■ **What to do**
Without the images, write out all of the following entries exactly.

Collection entries
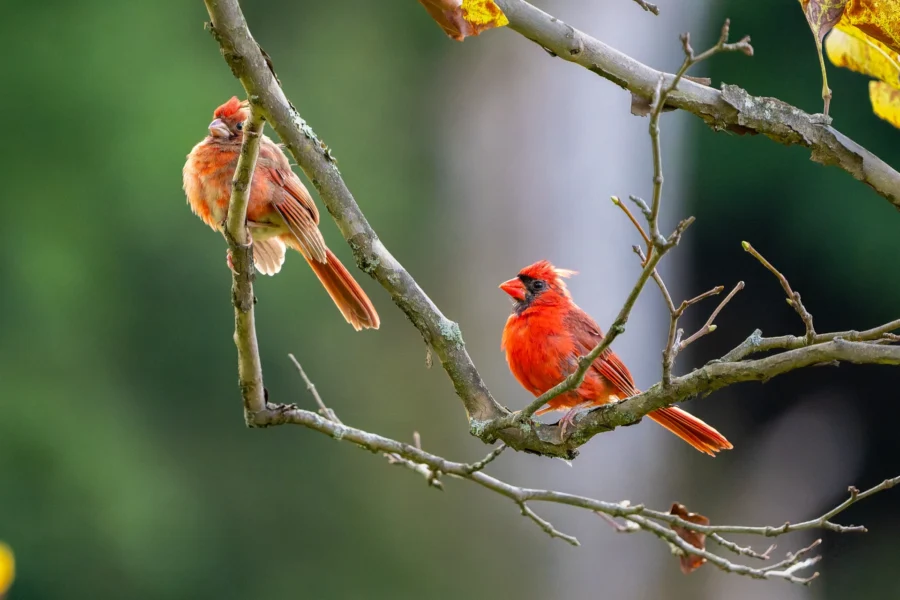 Two red cardinals are perched on bare tree branches with a blurred green background. Two red cardinals are perched on bare tree branches with a blurred green background.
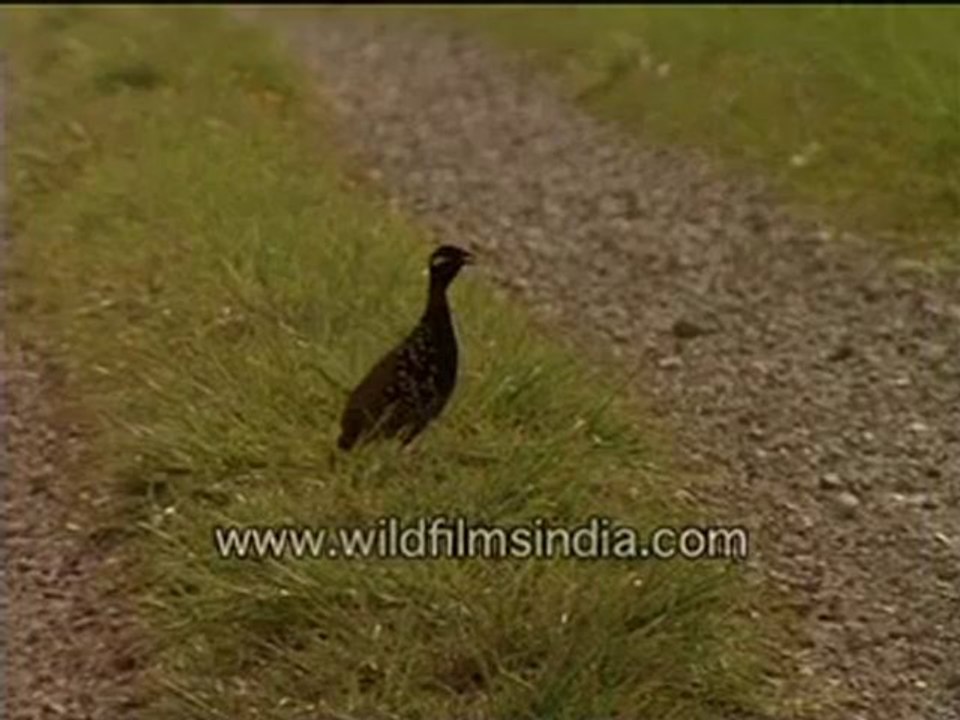 121. Partridge in the jungle.mp4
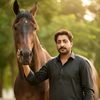 shakeel.ahmed7420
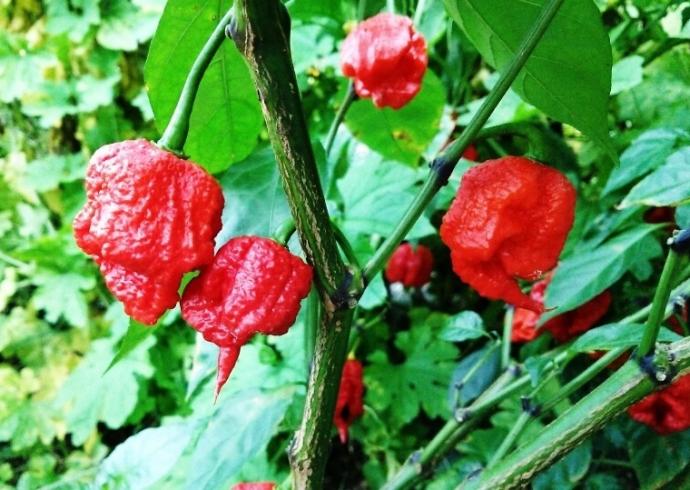 Capsicum chinense 'carolina Reapen'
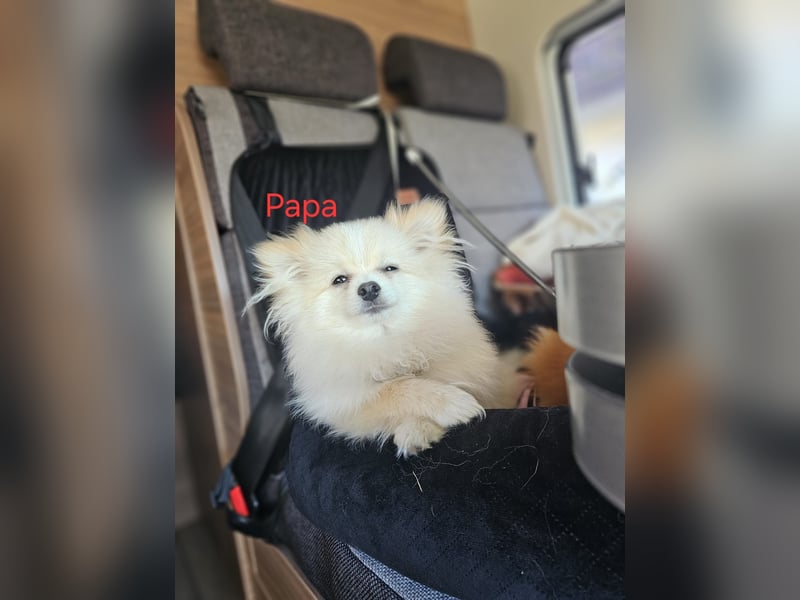 Pomeranian Spitz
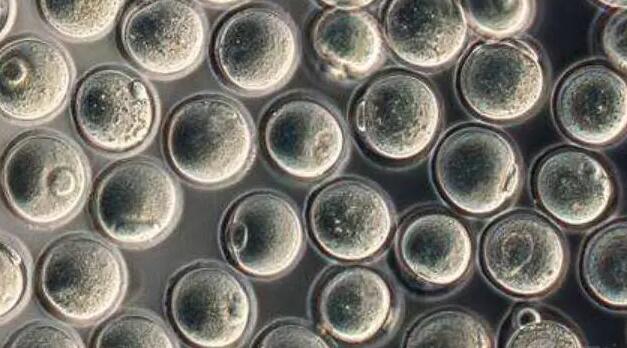 内蒙古哪里做试管婴儿成功率最高,内蒙古同济医院生殖科做试管移植两个鲜胚成功率怎么样？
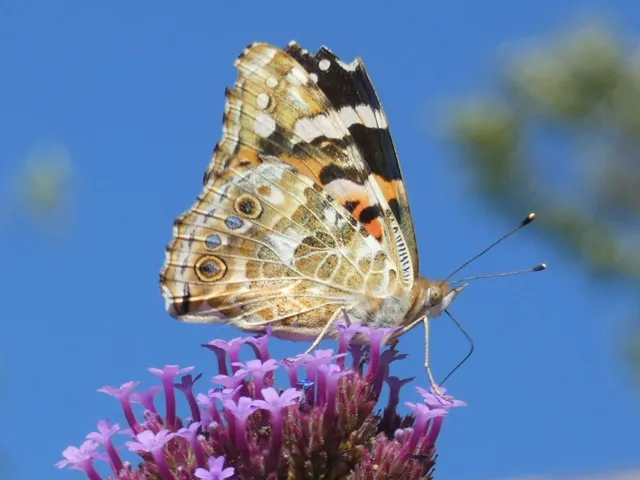 Vanessa cardui - bogáncslepke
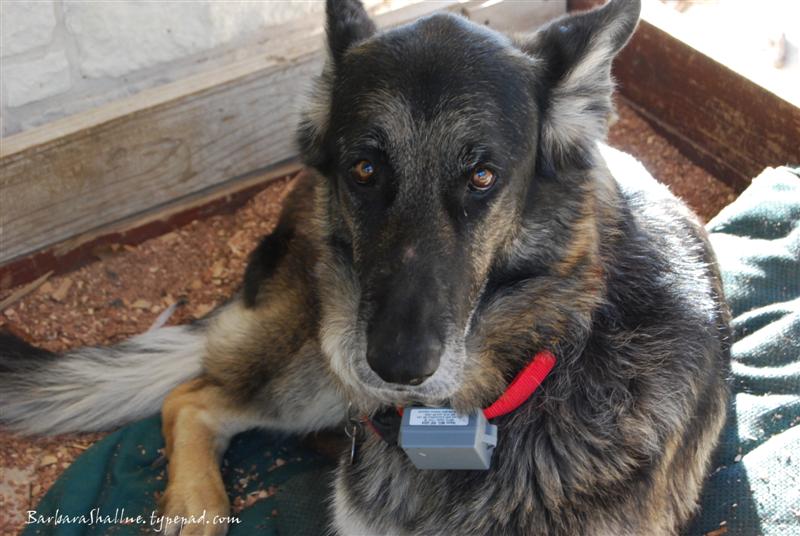 DSC_0004sign (Medium)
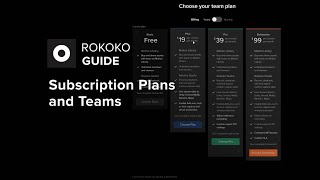 Rokoko Guide Subscription Plans and Teams explained [upl. by Skantze963]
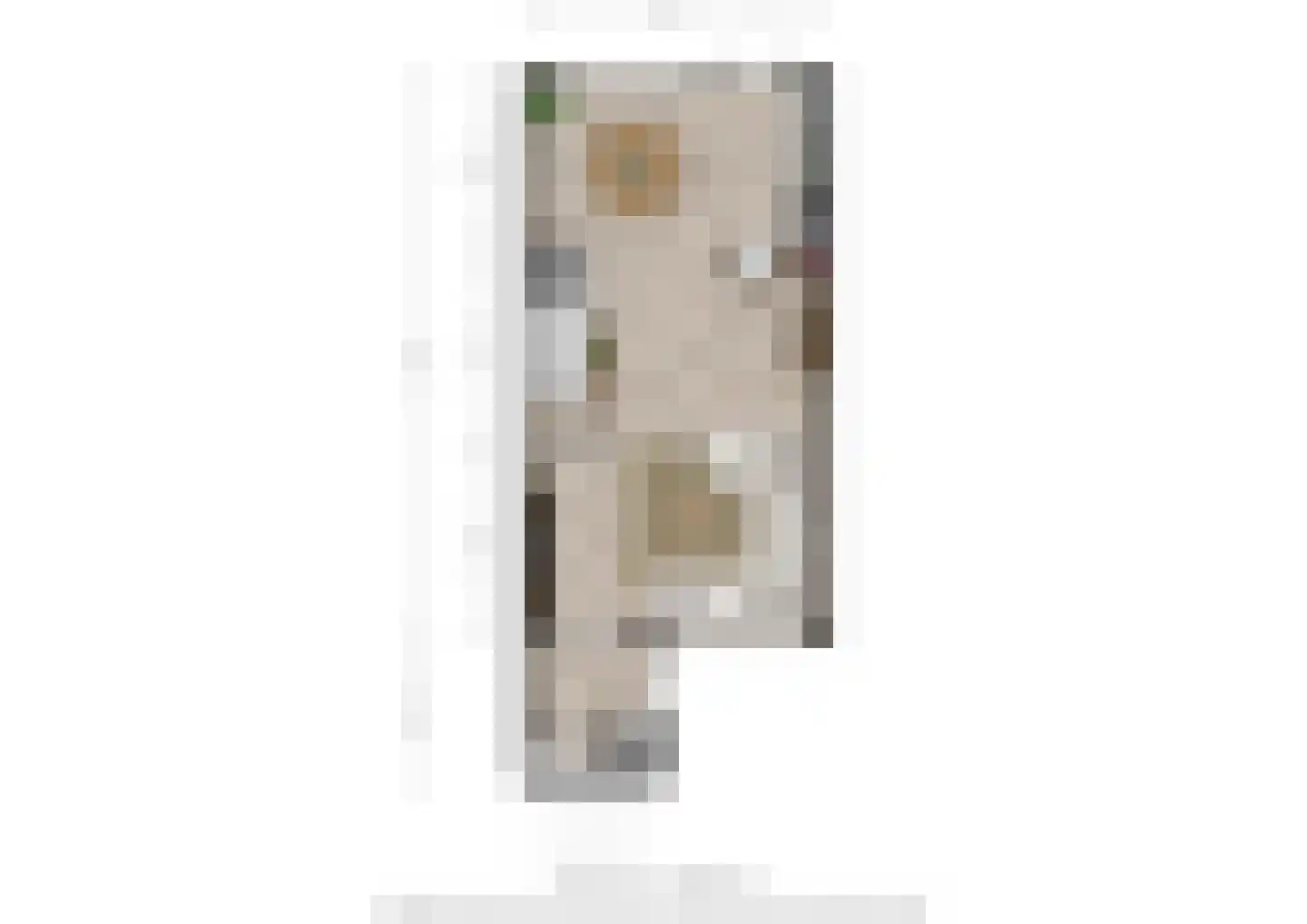 Goudplevier 58 Oss thumbnail 22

■ **Result of the exercise**
 Two red cardinals are perched on bare tree branches with a blurred green background. Two red cardinals are perched on bare tree branches with a blurred green background.
 121. Partridge in the jungle.mp4
 shakeel.ahmed7420
 Capsicum chinense 'carolina Reapen'
 Pomeranian Spitz
 内蒙古哪里做试管婴儿成功率最高,内蒙古同济医院生殖科做试管移植两个鲜胚成功率怎么样？
 Vanessa cardui - bogáncslepke
 DSC_0004sign (Medium)
 Rokoko Guide Subscription Plans and Teams explained [upl. by Skantze963]
 Goudplevier 58 Oss thumbnail 22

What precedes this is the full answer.